Something beyond the control of the protagonist (hero/heroine) is the trigger which sparks off the story. A fairy godmother appears, someone pays in magic beans not gold, a mysterious letter arrives … you get the picture.
The trigger results in a quest – an unpleasant trigger (e.g. a protagonist losing his job) might involve a quest to return to the status quo; a pleasant trigger (e.g. finding a treasure map) means a quest to maintain or increase the new pleasant state.
This stage involves not one but several elements, and takes up most of the middle part of the story. “Surprise” includes pleasant events, but more often means obstacles, complications, conflict and trouble for the protagonist.

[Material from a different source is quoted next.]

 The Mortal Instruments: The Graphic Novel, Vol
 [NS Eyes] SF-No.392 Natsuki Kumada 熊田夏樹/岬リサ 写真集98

Watts emphasises that surprises shouldn’t be too random or too predictable – they need to be unexpected, but plausible. The reader has to think “I should have seen that coming!”
At some stage, your protagonist needs to make a crucial decision; a critical choice. This is often when we find out exactly who a character is, as real personalities are revealed at moments of high stress. Watts stresses that this has to be a decision by the character to take a particular path – not just something that happens by chance.
In many classic stories, the “critical choice” involves choosing between a good, but hard, path and a bad, but easy, one.
In tragedies, the unhappy ending often stems from a character making the wrong choice at this point – Romeo poisoning himself on seeing Juliet supposedly dead, for example.
The critical choice(s) made by your protagonist need to result in the climax, the highest peak of tension, in your story.
For some stories, this could be the firing squad levelling their guns to shoot, a battle commencing, a high-speed chase or something equally dramatic. In other stories, the climax could be a huge argument between a husband and wife, or a playground fight between children, or Cinderella and the Ugly Sisters trying on the glass slipper.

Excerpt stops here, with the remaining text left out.